Somali rape culture reveals crisis

Famine. Piracy. Drought. Chaos. Death.

These are a few words that are associated with Somalia. Now, rape is an identifier that can be added to that list.

Since the collapse of the Somali central government in the early 1990s, most communities are left to their own devices, relying on old customs and laws without the support of the central government. This leaves them vulnerable to attack by rebel warlords.

One prominent rebel group is the Shabab, who are committing many of the rapes. The number of rape victims is growing.

Women’s rights activist Mama Hawo Haji has seen the rising amount of victims in the hospital where she works in Somali’s capital of Mogadishu.

“In the last two days alone, we have taken 32 rape cases to the hospital,” Haji said to IRIN News.

Political chaos and famine appear to be major contributing factors to these attacks. Aid and financial support are also limited for humanitarian organizations.

In these desperate conditions, women are forced to venture from their homes alone to find food and water. In doing so, they become vulnerable to sexual assault.

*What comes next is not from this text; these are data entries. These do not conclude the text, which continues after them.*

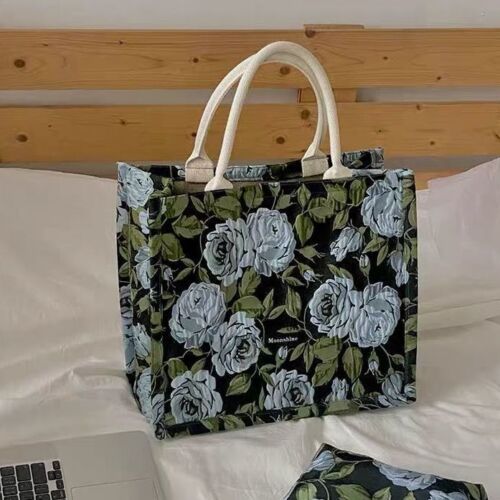 Vintage Tote Bag Rose Print Luxury Handbag Large Shopping Bags 36.5*32.5*16 CM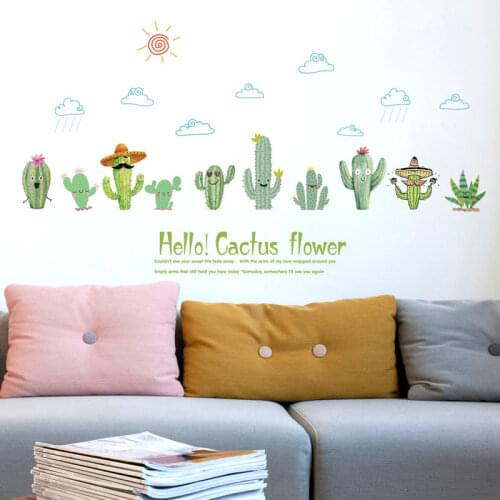New Cactus Bedroom Living Room Showcase Decorative Environmentally Friendly Removable Waterproof Wall Stickers
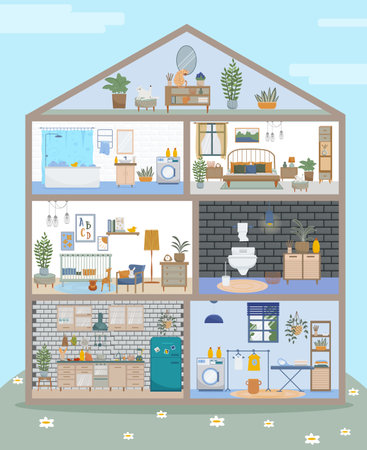 House in cut, apartment inside. Kitchen, living room, bedroom, bathroom with furniture. Vector detailed modern house interior in flat style.のイラスト素材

The Shabab take girls young as 10 years old and make them brides of their commanding officers. These marriages are neither legal nor ceremonial. The marriages are often compared to sexual slavery. “He did whatever he wanted with me … night and day,” one former bride told The New York Times. If the women refuse to marry, their punishment is death.

The actions of the Shabab have created an environment of fear in the region. Additionally, the Shabab are using a tool that governs most Somalis: religion.

Ninety-eight percent of Somalis are Muslim, the majority being Sunni, and the Shabab claim that their religious beliefs serve as justification for violence against women. The Shabab believe their actions are a jihad that will restore Somalia to “pure Islam,” a concept on which they have not fully elaborated.

However, others see this justification as a religious guise, recognizing the group’s need to further their political gains.

Campus Ministry Coordinator Max Carter believes the current unrest a misinterpretation of religious texts.

“You’ve got to subject theology to critical analysis,” Carter said. “There are no free passes.”

While the misuse of Islam in rationalizing rape is distressing to many, the fear inflicted upon Somalis by the Shabab has resulted in silence over the issue.

Women who have been raped are considered tainted, leaving their prospects for the future – particularly marriage – limited. In keeping with this fear and embarrassment, a number of rape cases are not reported, making the actual total of rape cases higher than originally recorded.

While the exact number of sexual assaults is unknown in Somalia, it is a certainty that the count is continuing to rise.

Solutions to Somalia’s rape crisis have yet to be determined.